Mike Green
The twenty-first century ushered in an era of rapidly evolving new technologies and disruptions of consumer behavior across all industries. New entrepreneurial opportunities were born amid the chaos of industry responses. Barriers to entry were lowered or obliterated. New, fast, and nimble competitors entered the markets. And a new economic paradigm was introduced to media companies that would leave many print news organizations struggling.
View data and charts from Pew Research Center’s Newspapers Fact Sheet, part of its State of the News Media report. The Media Deserts Project also has maps showing the decline of local newspapers in various regions.
On the employee level, industry disruptions have changed what a career means. Since 2004, the industry has contracted 37 percent, from more than 65,000 reporters and editors employed in 2004 to just 41,400 in 2015 (the last year of available data collected by Pew Research and published June 1, 2017). Behind those data is deeper insight; Pew Research will need to gather information for the next publishing cycle because the News Media Alliance (NMA), formerly Newspaper Association of America (NAA), can no longer supply it. Accurate industry research is another victim of the industry-wide upheaval.
No one can expect to get hired anywhere in the country and work for the same company for most of their careers until retirement. That’s a twentieth-century concept rendered obsolete in the first decade of the twenty-first. For media, this is especially true.
Dog Eat Dog
Buying and selling of media companies is consolidating the landscape. The plummeting value of major media properties, like the 140-year-old Washington Post (founded in 1877) that sold for $250 million in 2013, can result in a sale for less than digital newcomers like Huffington Post. Huffington Post was born in 2005 and sold for $315 million to AOL in 2011.
While the Graham family nurtured a multigenerational national media operation for about 68 years that was built on a foundation of award-winning journalism, Arianna Huffington started a blog and generated more market value from it in six years than the Graham family could manage from the Washington Post in decades. In case you’re inclined to think AOL overpaid for Huffington Post, in 2015 the telecom company Verizon bought AOL and all of its media properties for $4.4 billion. By contrast, The New York Times Company was worth $1.8 billion on the market at the time AOL was purchased. Meanwhile, startup media company Vox, at fourteen years old, was valued at $1 billion in late 2016. Today, AT&T hovers over Time Warner (which owns CNN) waiting for the government to approve its $85 billion offer.

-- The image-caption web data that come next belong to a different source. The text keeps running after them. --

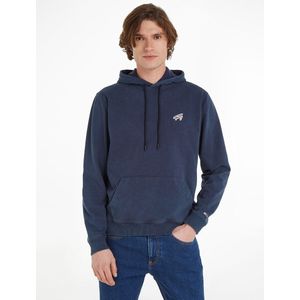 Rechte hoodie met logo grif TOMMY JEANS. Katoen materiaal. Maten S. Blauw kleur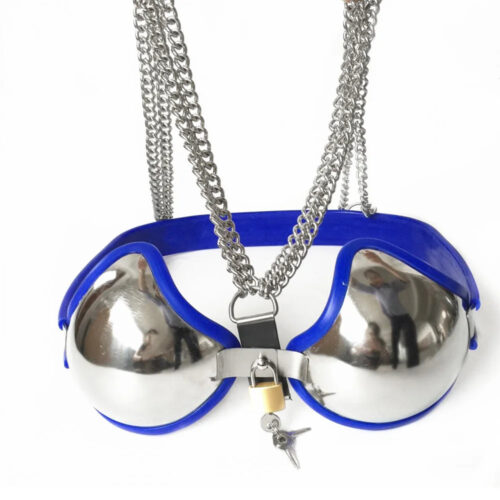 Black emperor female chastity belt bdsm chastity bra - Image 3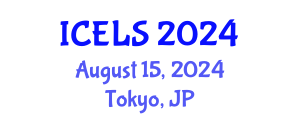 International Conference on Education and Learning Sciences (ICELS) August 15, 2024 - Tokyo, Japan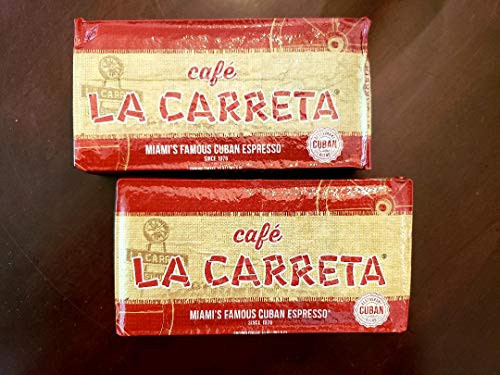 Cafe La Carreta Espresso Coffee 10 oz Miami Cuban-style Espresso Cafe La Carreta Espresso Coffee 10 oz Miami Cuban-style Espresso
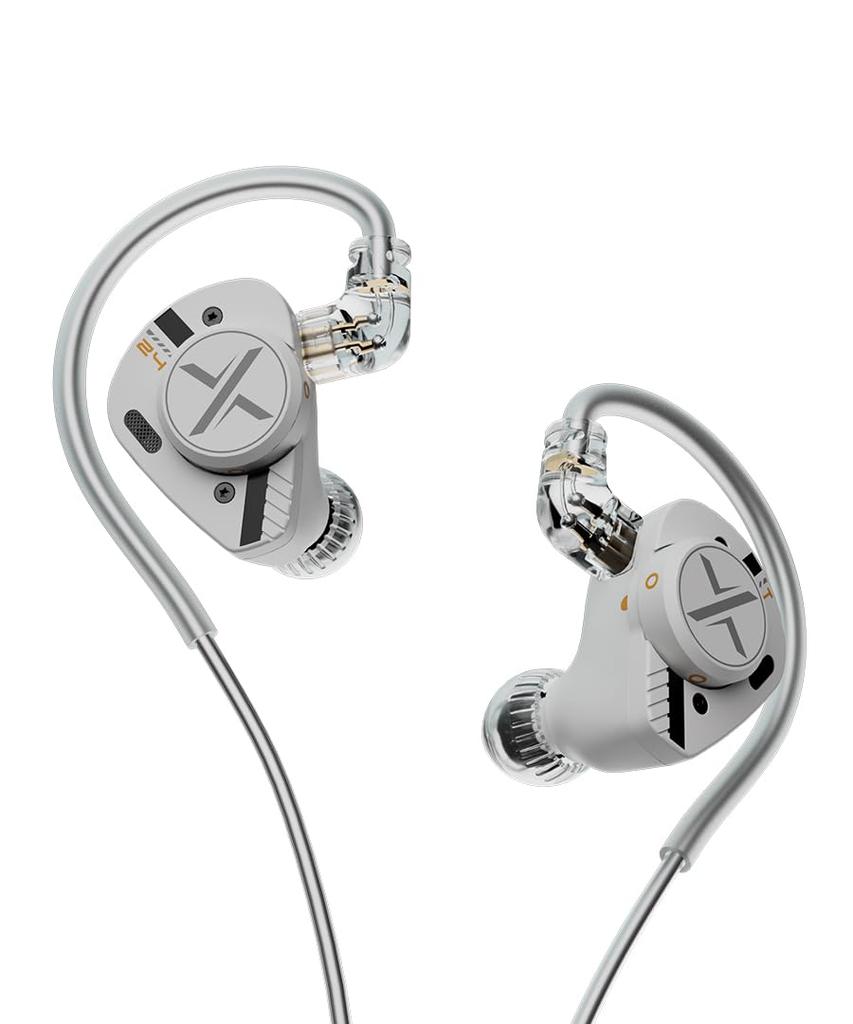 Fanmusic ooopusX Op.24 2DD Plus 4BA Hybrid In-Ear Headphones HiFi Wired Monitor Earphones 3.5mm Microphone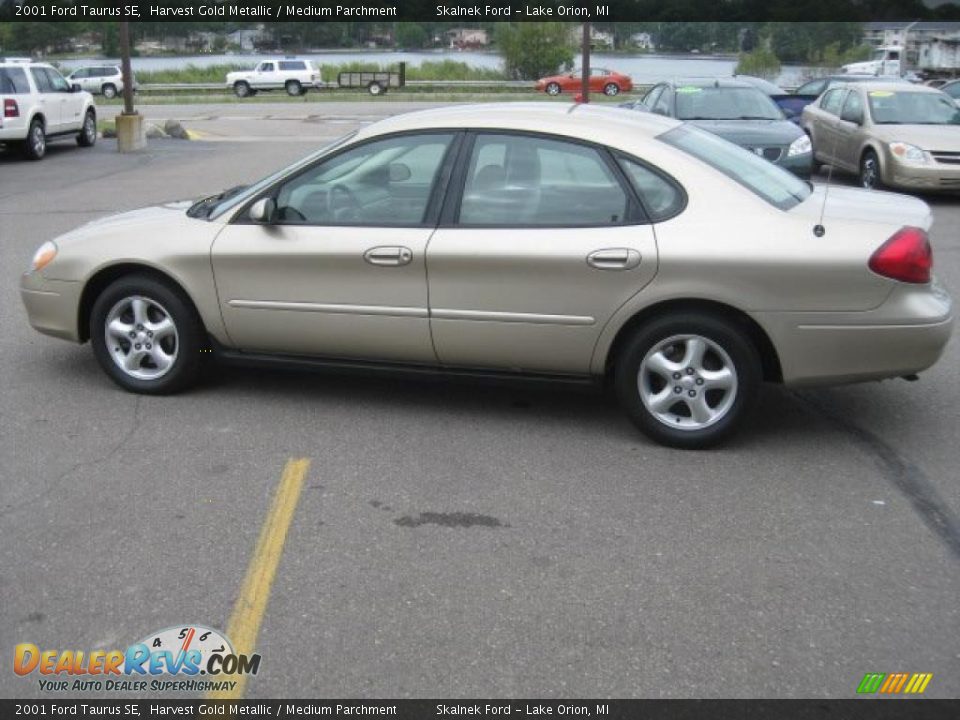 2001 Ford Taurus SE Harvest Gold Metallic / Medium Parchment Photo #6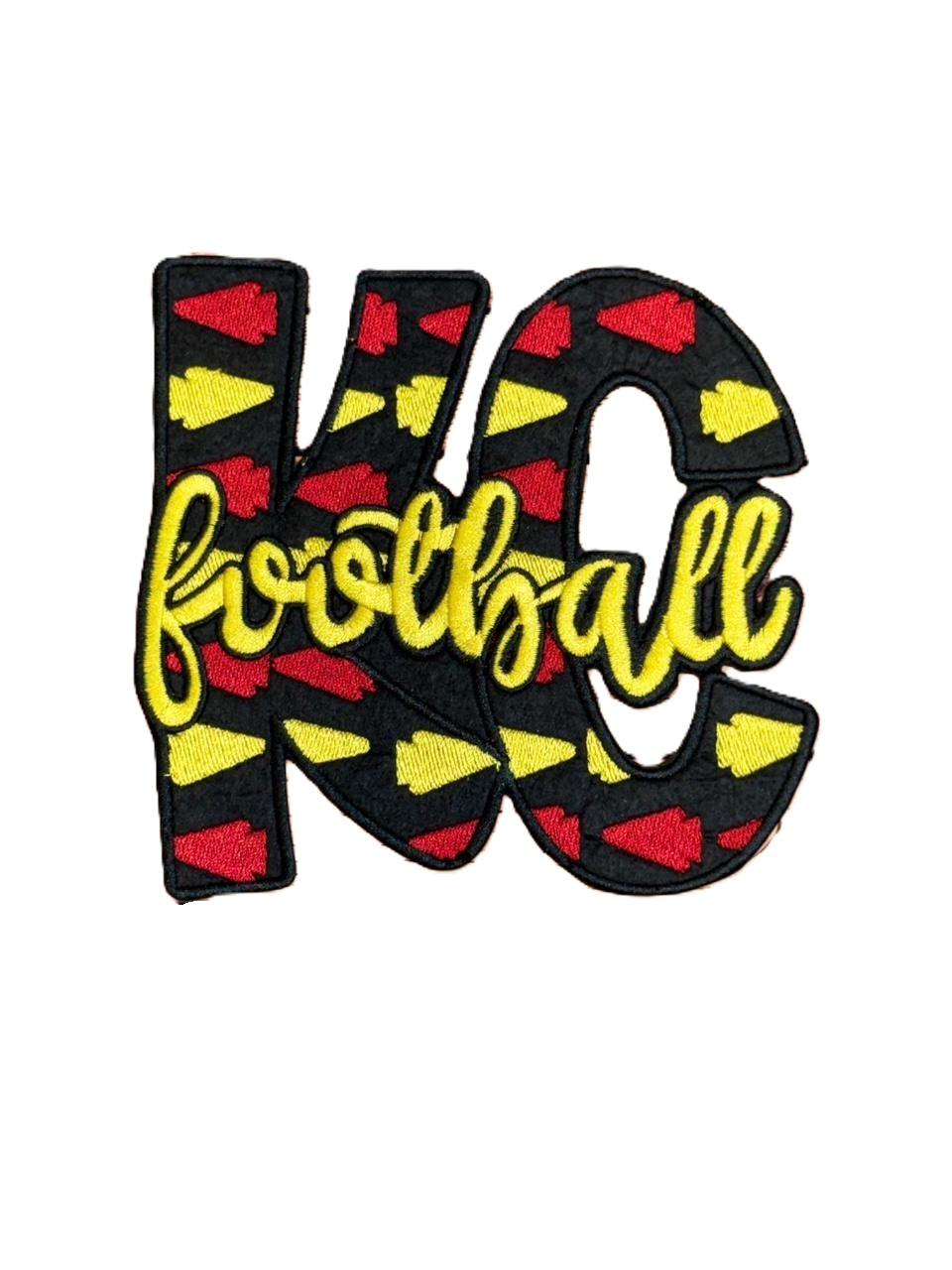 KC Football Embroidery Patch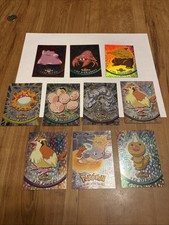 Topps 2000 Pokémon Lot Of 10 Silver Foil Holo TV Animation Nm Rare picture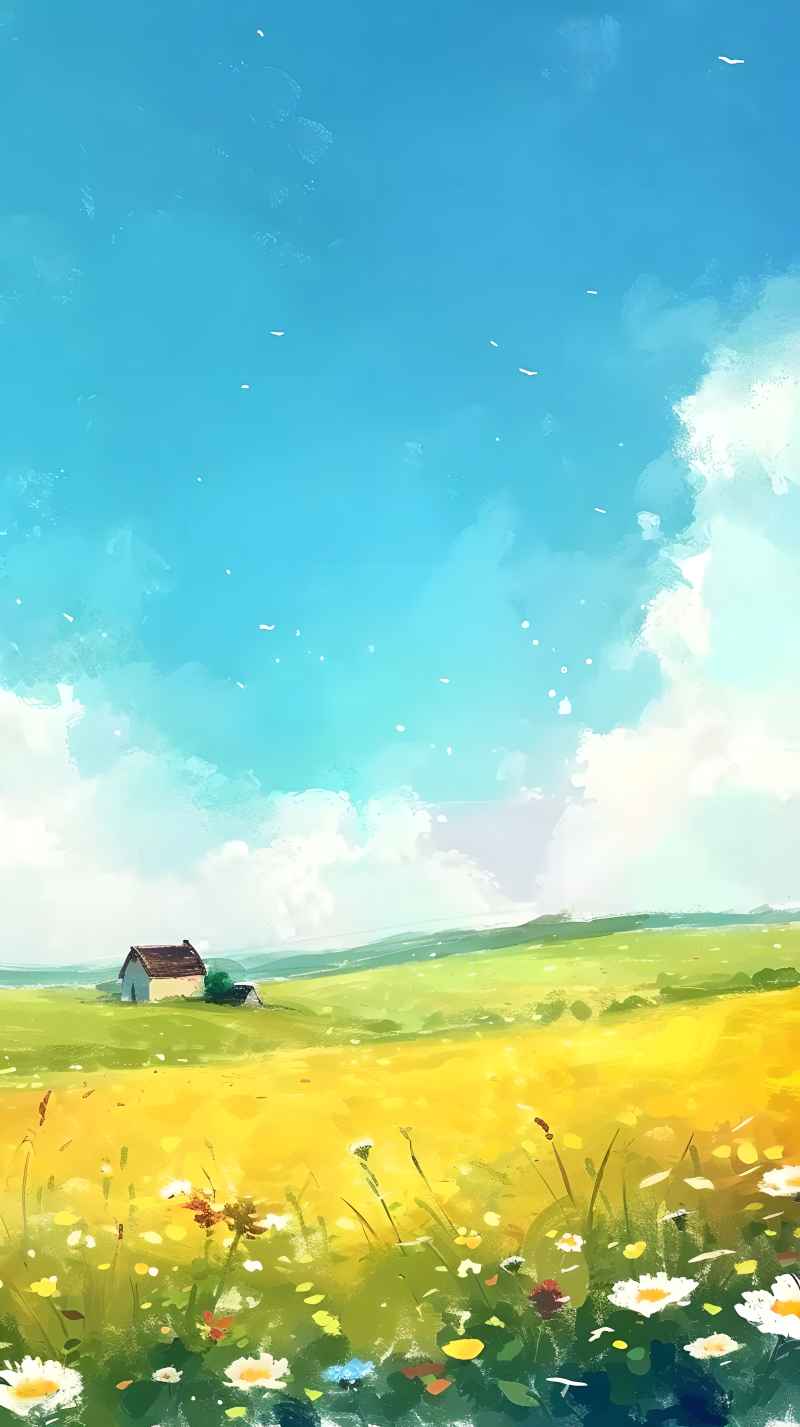 阳光的印象派丰富多彩水彩画 13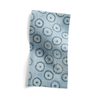 Dotted Floral Fabric in Blue-Gray Image 1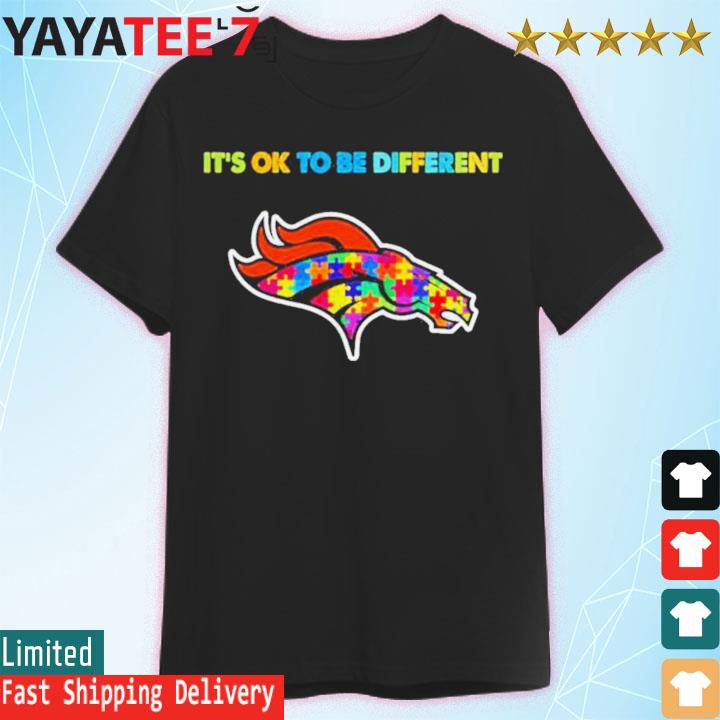 2023 Denver Broncos Autism It’s ok to be different Tee shirt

The media industry has changed, and journalism is changing too. Gone are the days of college grads cutting teeth at the local level and honing their reporting chops before embarking on a series of tours, from low-wage local jobs to regional, and up the career ladder to higher pay with national news chains. Gone too, is the wall of demarcation that divided the production of editorial news content from the business of operating a media company.
Local media used to be the trusted place where consumers learned about their schools, city council, sports teams, and happenings in their community. But the consolidation of media across the nation has reached the local level. And corporate ownership of local media has ramifications for journalists. Sinclair Broadcast Group is on the verge of purchasing the Tribune Media Company this year. This purchase is sending tremors across the media landscape due to its size and scope.
Before the Sinclair deal can be confirmed, allegations of political bias by the company have been raised. These include requiring stations to carry “must run” segments produced by the corporation and mandatory insertions of political commentary into local news broadcasts. The ability of corporations to purchase media in local markets in bundles is having an impact on the integrity of the journalism profession. The evolution of the industry, as it is being disrupted by new media and new players, introduces uncertainty in the media market and changes the dynamic of the career trajectory for journalists entering the profession.